Novel Fe3O4 nanoparticles-based DGT device for dissolved reactive phosphate measurement

Abstract

An aqueous suspension of iron oxide nanoparticles (Fe₃O₄ NPs) was prepared as a novel liquid binding phase in a diffusive gradients in thin-films (DGT) device (Fe₃O₄-DGT) combined with inductively coupled plasma optical emission spectrophotometry (ICP-OES) for the sampling measurement of dissolved reactive phosphate (DRP) in water. The DGT uptake of DRP increased linearly with deployment time, relying on the superior binding efficiency of Fe₃O₄ NPs toward phosphate.
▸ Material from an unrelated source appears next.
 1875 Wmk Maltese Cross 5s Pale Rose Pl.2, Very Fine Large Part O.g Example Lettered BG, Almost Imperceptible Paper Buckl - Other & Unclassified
The adsorption mechanism of DRP on Fe₃O₄ NPs was illustrated through FT-IR and XPS. Various factors in the Fe₃O₄-DGT performance for the sampling of DRP were taken into account, including the initial concentration of phosphate, deployment time, pH value, ionic strength, interference from major competitor ions and the aging effect of the liquid binding phase. In the present study, the effective capacity of the Fe₃O₄-DGT device toward DRP was approximately 105 μg of phosphate per device (15.4 μg P cm⁻²). Compared with the phosphomolybdenum blue (PMB) method, successful field deployments of Fe₃O₄-DGTs samplers in the Nanfei River indicated that a basic Fe₃O₄-DGT coupled with the ICP-OES method was suitable for long-term monitoring of the DRP concentration in situ.